FRC adalah kelompok pegiat
global terkemuka yang dipimpin oleh dan untuk rakyat Rohingya, kata
pernyataan itu. Rohingya, yang digambarkan oleh PBB sebagai rakyat yang
paling tertindas di dunia, telah menghadapi kekhawatiran yang meningkat
mengenai serangan sejak puluhan orang tewas dalam kerusuhan
antarmasyarakat pada 2012.
Sejak 25 Agustus 2017, hampir 24
ribu Muslim Rohingya tewas oleh pasukan negara Myanmar, demikian satu
laporan dari Lembaga Pembangunan Internasional Ontario (OIDA).

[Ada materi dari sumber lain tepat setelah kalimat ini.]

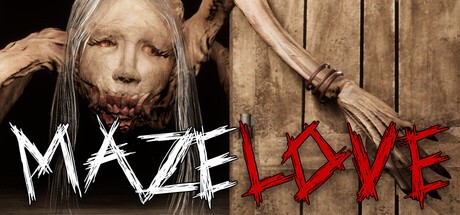 Games like MAZELOVE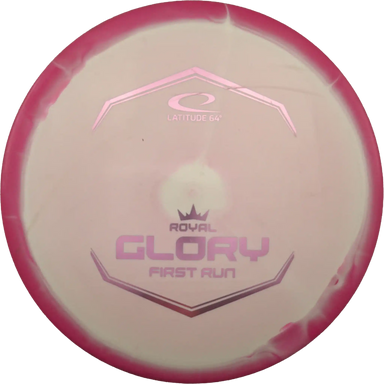 Grand Orbit Glory - First Run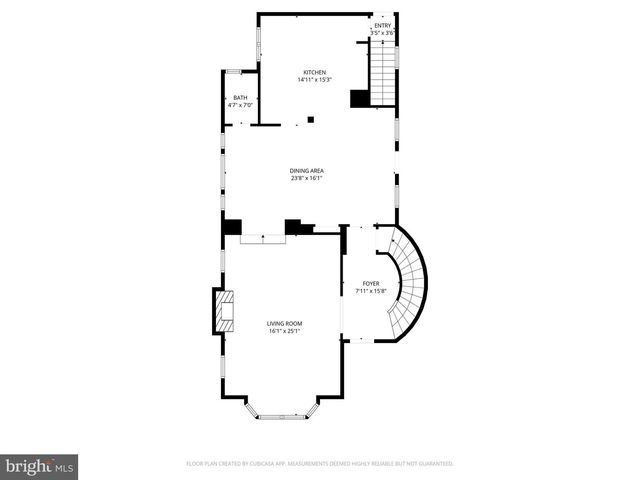 2926 N 2ND ST, Harrisburg, PA 17110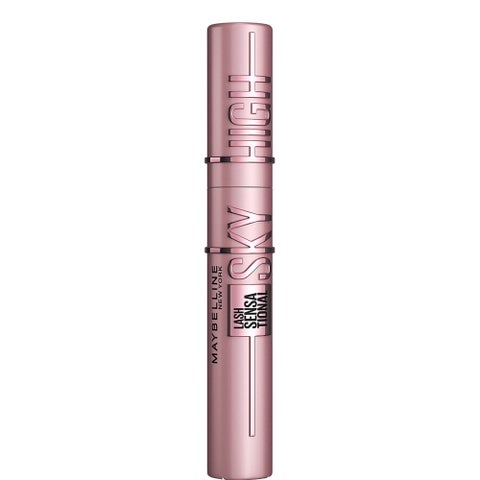 Maybelline Lash Sensational Sky High Mascara - 01 Black 7.2ml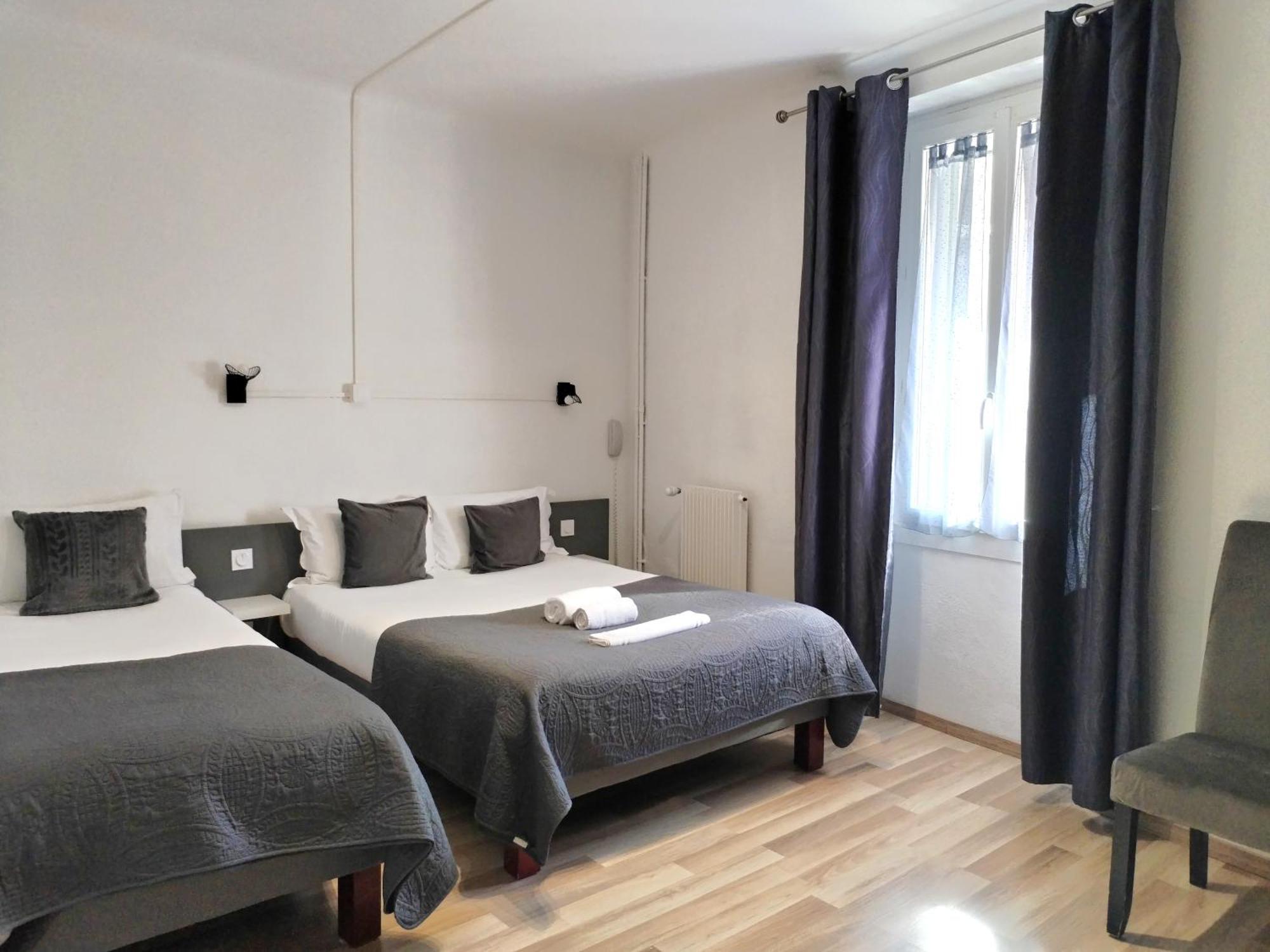 Hotel La Bastide D'Entraigues Eksteriør billede
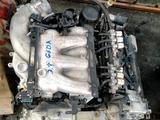 Двигатель G6CU соренто 3,5for350 000 тг. в Алматы – фото 3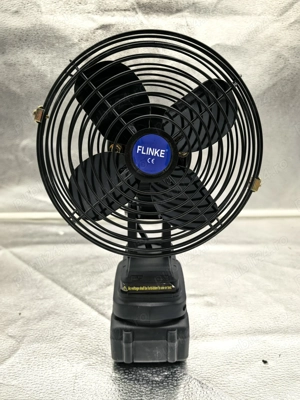 Ventilator portabil 6 inchi 179 lei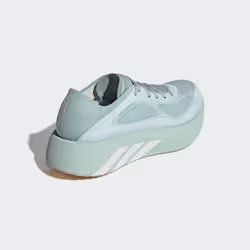 Adidas KK3572_650 scarpa sportiva Bianco - Vista aggiuntiva 5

Lebih
dari 34 ribu orang Rohingya juga dilemparkan ke dalam api, sementara
lebih dari 114 ribu orang lagi dipukuli, kata laporan OIDA, yang
berjudul "
Forced Migration of Rohingya: The Untold Experience".
Sebanyak
18 ribu anak perempuan dan perempuan Rohingya diperkosa oleh polisi dan
personel militer Myanmar. Sementara, lebih dari 115 ribu rumah milik
orang Rohingya dibakar dan 113 ribu rumah lagi dirusak, tambah
pernyataan tersebut, sebagaimana dilaporkan Kantor Berita Turki,
Anadolu.
Menurut
Amnesty International, lebih dari 750 ribu pengungsi Rohingya,
kebanyakan anak kecil dan perempuan, menyelamatkan diri dari Myanmar dan
menyeberang ke negara tetangga Myanmar, Bangladesh. Hal itu setelah
pasukan Myanmar melancarkan penindasan terhadap masyarakat minoritas
Muslim pada Agustus 2017.
PBB juga mendokumentasikan
pemerkosaan massal, pembunuhan termasuk bayi dan anak kecil, pemukulan
brutal dan penghilangan manusia oleh pasukan negara Myanmar. Di dalam
laporannya, para penyelidik PBB mengatakan pelanggaran semacam itu bisa
menjadi kejahatan terhadap umat manusia.